*** Opening of RECORDED DATA ***

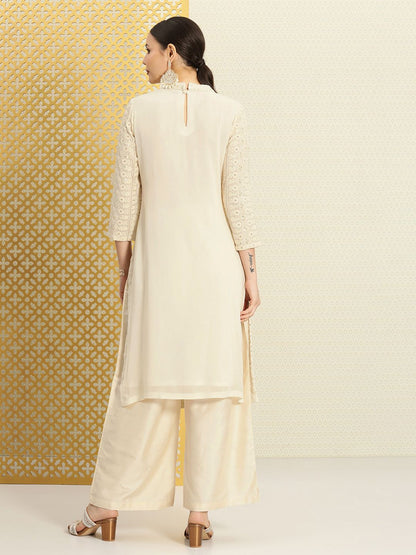 Dhiyona PD Women Women Jashn Round Neck Sequinned Embroidered Kurta With Palazzo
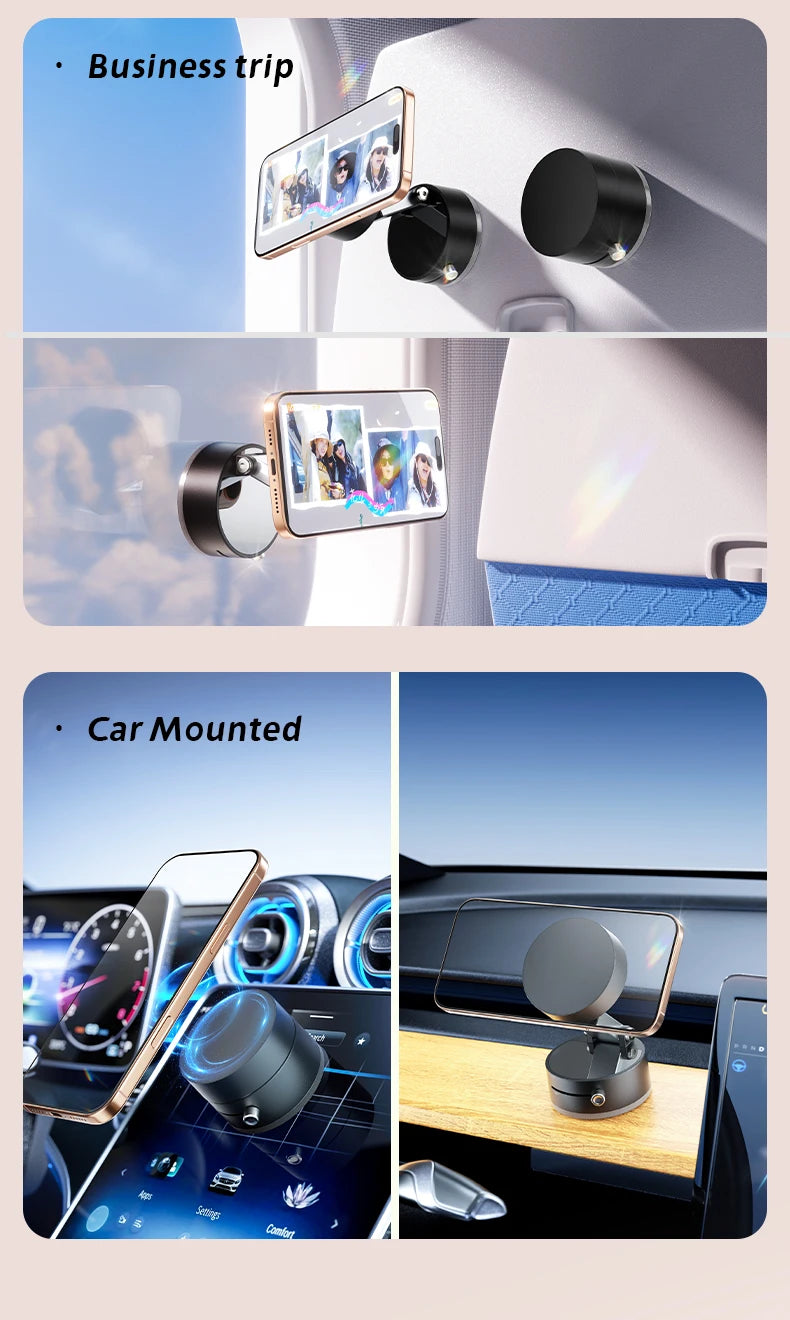 360° Adjustable Vacuum Magnetic Suction Cup Phone Mount, Hands-Free Magnetic Cell Phone Holder for Car/Gym/Mirror/Smoot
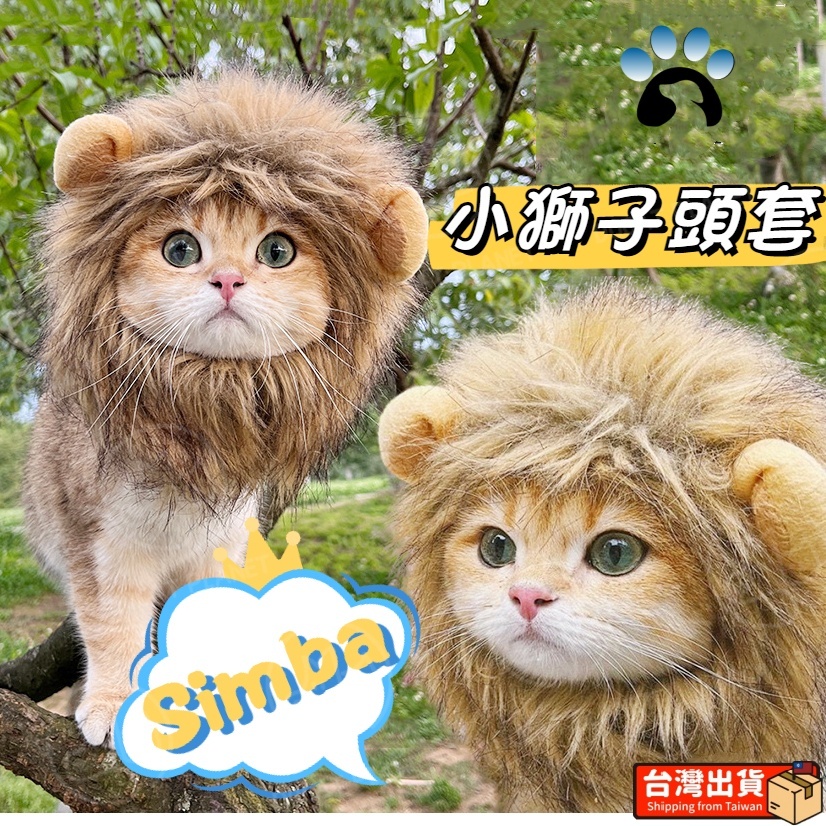 【台灣出貨】 貓咪變獅子頭套 寵物頭套 貓咪頭套 貓咪獅子頭套 寵物帽子 變裝 辛巴 萬聖節 狗頭套 寵物頭套 貓頭套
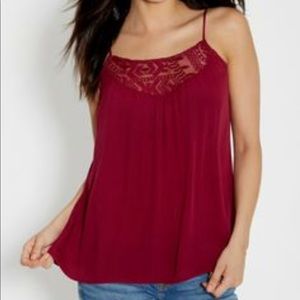 NWT Maurices swing tank with embroidery & tie back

*** Close of RECORDED DATA ***

TASK
Copy the data verbatim, skipping any image it holds.

ANSWER AREA
 Dhiyona PD Women Women Jashn Round Neck Sequinned Embroidered Kurta With Palazzo
 360° Adjustable Vacuum Magnetic Suction Cup Phone Mount, Hands-Free Magnetic Cell Phone Holder for Car/Gym/Mirror/Smoot
 【台灣出貨】 貓咪變獅子頭套 寵物頭套 貓咪頭套 貓咪獅子頭套 寵物帽子 變裝 辛巴 萬聖節 狗頭套 寵物頭套 貓頭套
 NWT Maurices swing tank with embroidery & tie back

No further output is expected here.